I started running in the summer of 2001 after my daughter was born. I took a break to balloon up and birth my second child in the spring of 2003. As soon as my son could safely be strapped in, I'd stuff the kids into my trusty double jogger and take 'em along. Some days it was the only place the kids would sleep.

I've never been really sure how far or how fast I've run, aside from a few scattered 5 & 10K races (best time: 46:10 for a 10K) - until I got the Nike+ kit about a year ago. Since then, I've tracked my runs by time, mileage, calories...and enjoyed the rah-rah encouragement of Lance Armstrong and Paula Radcliffe when I'd achieve a personal best time or distance. And now, I've passed a major mileage milestone. (Nice piece of alliteration, huh?)

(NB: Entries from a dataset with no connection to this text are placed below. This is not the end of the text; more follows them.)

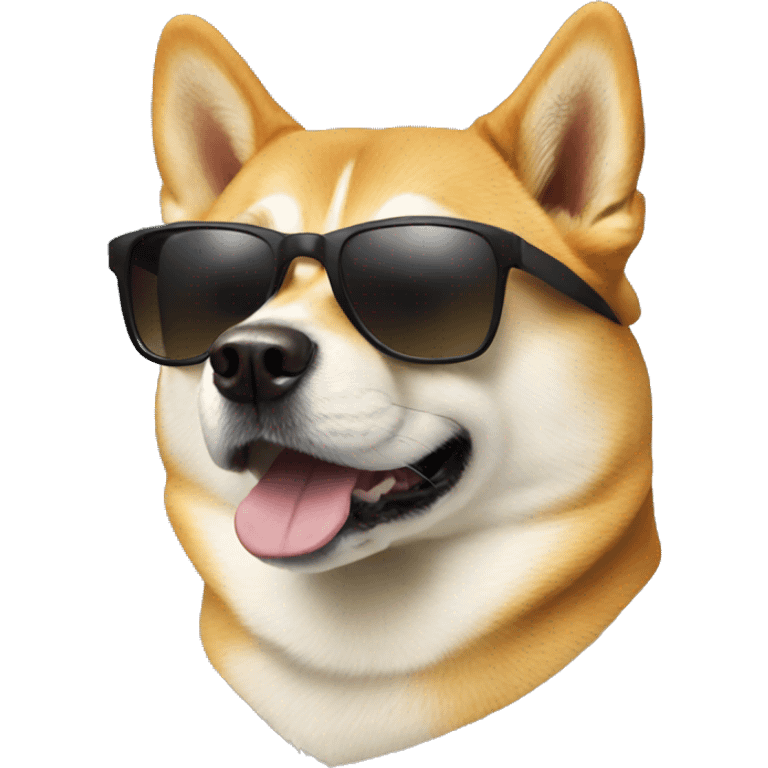 Doge with sunglasses  emoji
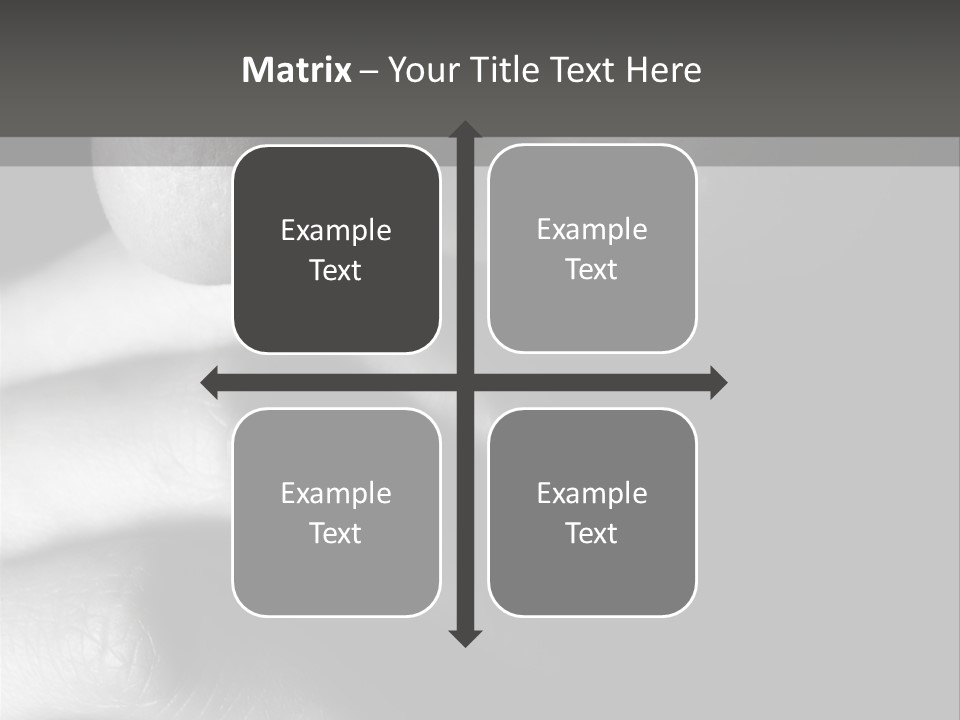 Hopelessness Portrait Looking PowerPoint Template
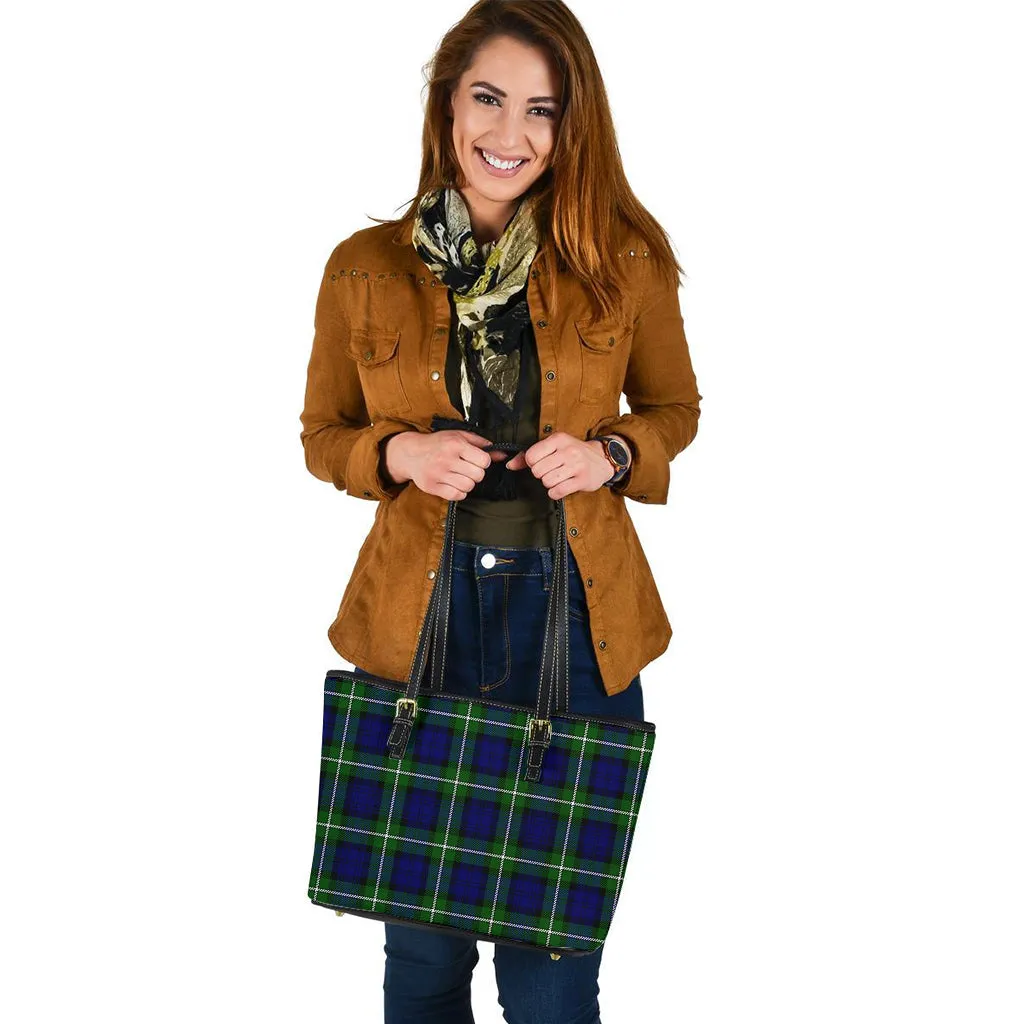 Bannerman Tartan Leather Tote Bag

One thousand miles; 126 runs. Average pace: 8:30 per mile, which translates to 8,513 minutes or the equivalent of nearly 6 full days. During those miles, I've wandered, worried, suffered, dreamed, schemed, observed the world around me, and incurred sunburns and chafing in unpleasantly unmentionable places. I've done about a third of those miles on the indoor track at the JCC, so I've run the equivalent of nearly 6,000 laps around that tiny track. No wonder I spend so much time staring at the pickup basketball games.

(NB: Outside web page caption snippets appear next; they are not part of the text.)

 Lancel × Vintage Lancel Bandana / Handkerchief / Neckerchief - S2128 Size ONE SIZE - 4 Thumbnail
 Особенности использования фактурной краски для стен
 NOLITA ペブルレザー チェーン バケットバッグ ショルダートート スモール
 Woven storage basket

Since the milestone came on Academy Awards Sunday, I'd like to take a moment to thank all of those people, places and things that have empowered my running:

1) My husband Will, who watches the kids so I can hit the road (weather depending) and for whom I am trying to stay fit and remain (become?) a MILF into our golden years.

2) My job - for being stressful enough to force me to engage in regular strenuous physical activity to burn off frustration (the alternatives being alcoholism, Scientology, kicking dogs, or tearing up hotel rooms.

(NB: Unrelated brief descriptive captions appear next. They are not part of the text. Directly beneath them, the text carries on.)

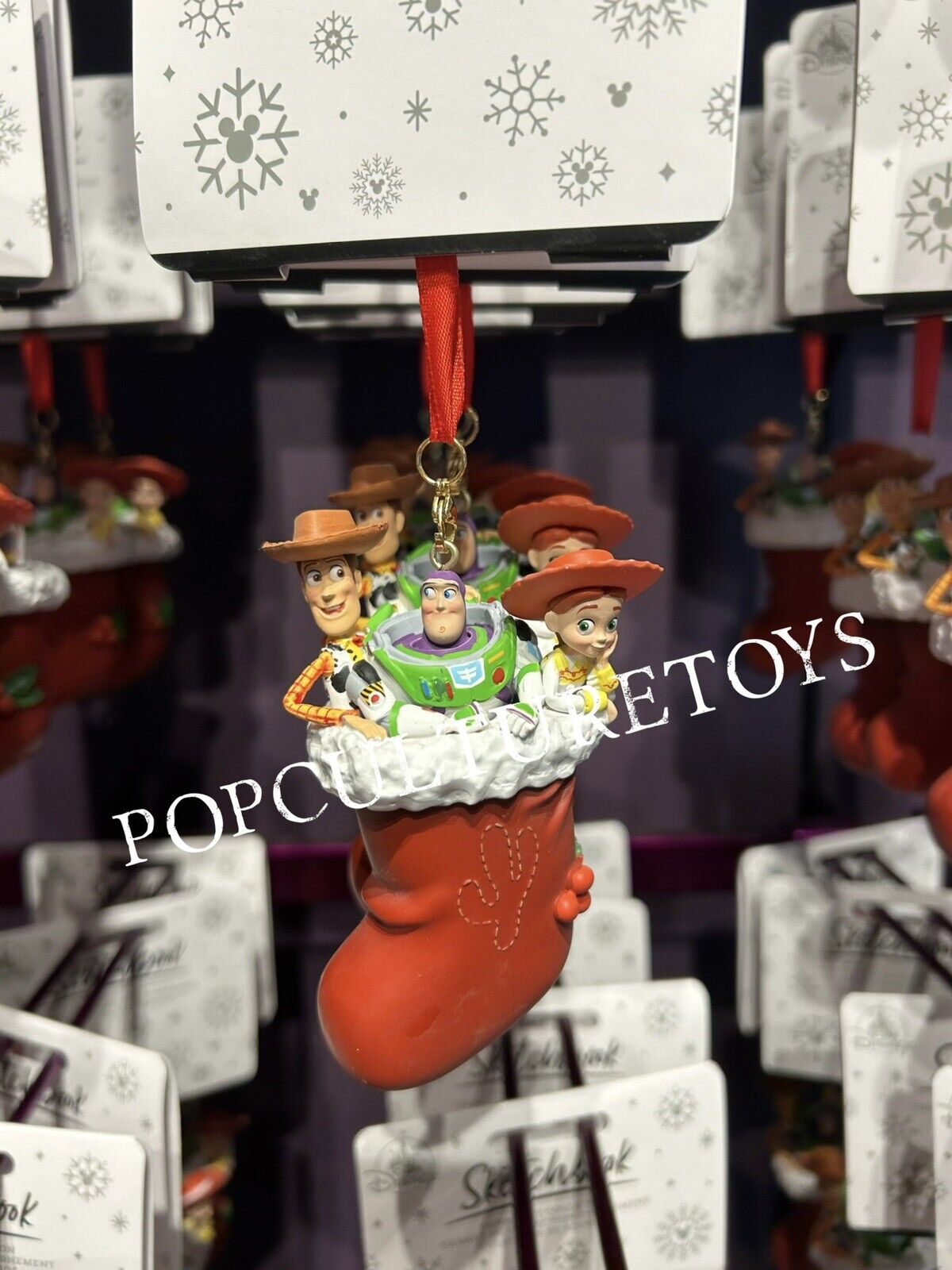 Disney Parks 2024 Sketchbook Christmas Ornament Pixar Toy Story Woody Buzz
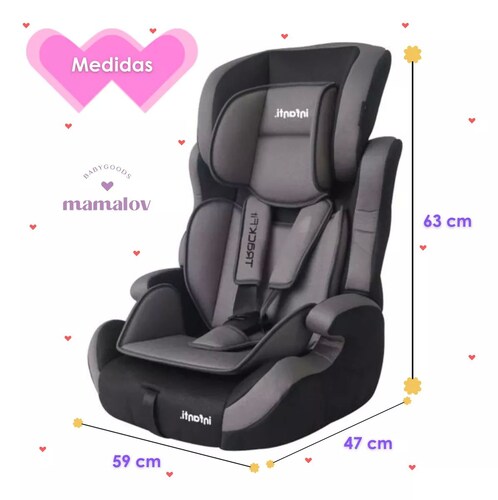 Autoasiento Booster Grupo 1, 2 Y 3 Infanti Track Fit - Negro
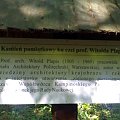 Kamień Witolda Plapisa, Kampinoski Park Narodowy #WitoldPlapis #KampinoskiParkNarodowy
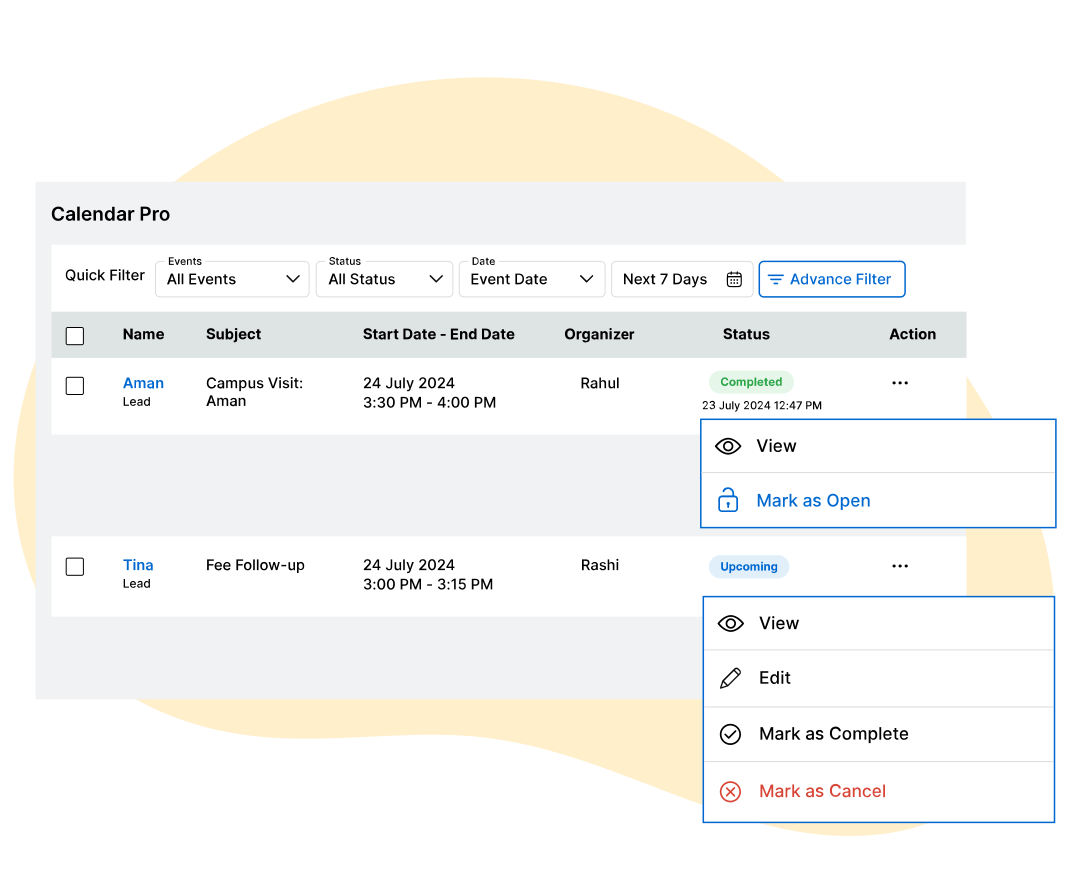 Flexible Scheduling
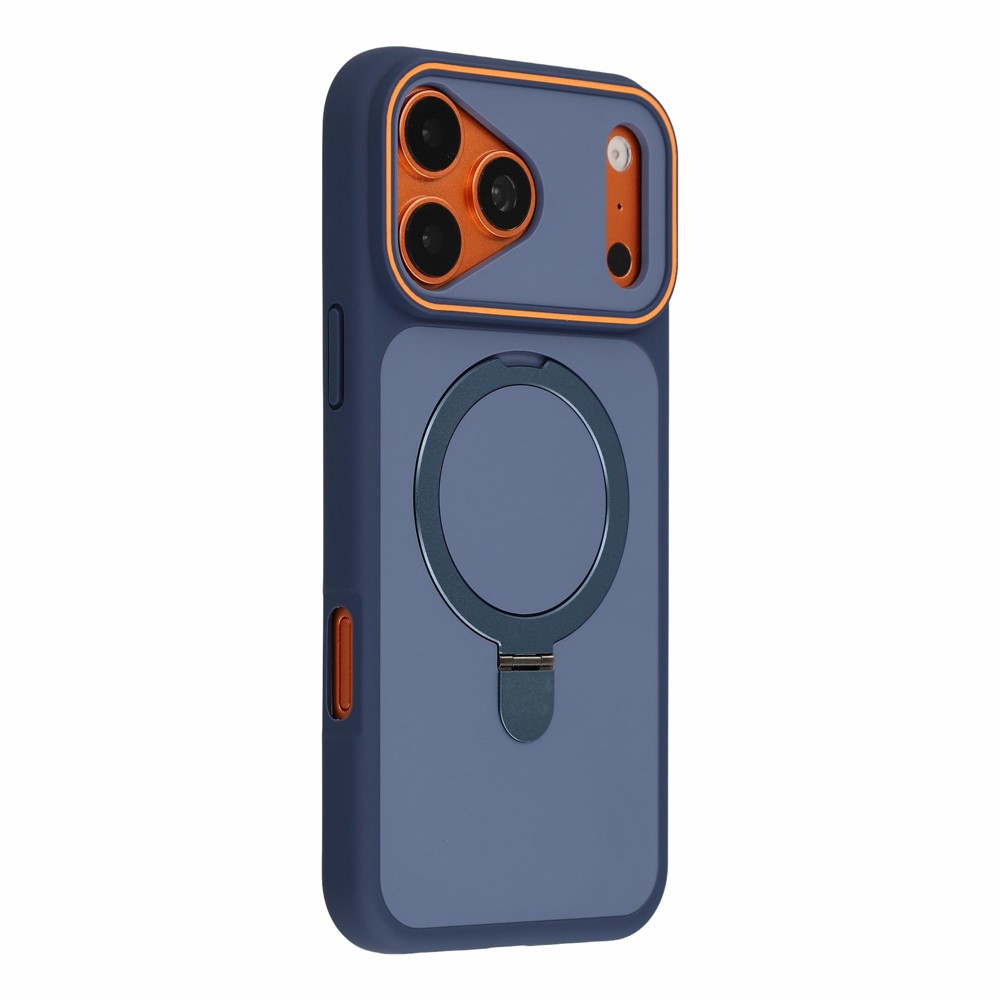  iPhone 18 Pro / 17 Pro Skal MagSafe Stativ 2-färg Hybrid Blå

3) My kids - of course, they are the little loves of my lives. But like all kids, they can be such a pain in the ass at times. I am determined to stay healthy in order to live long enough to be a pain in THEIR ass someday.

4) My father in law, Jim - you've inspired the belief that bad knees be damned, I have still many miles in front of me.

5) My ass...I'm no Heidi Klum but after two pregnancies, I'm not displeased with its current shape, size, and elevation.

Running has become a part of my life, my identity, and my blood in a way that I never could have imagined. It's taught me to be proud of what my body is and what it can do, instead of worried about what it looks like and what other people think of it.

Maybe someday my kids will be running next to me. That would be welcome. But alone or with company, I hope I'll always have my runs...the sun on my back, the crisp air in my lungs. The knowledge that the faster I run, the cooler the breeze.

Thanks again, everyone.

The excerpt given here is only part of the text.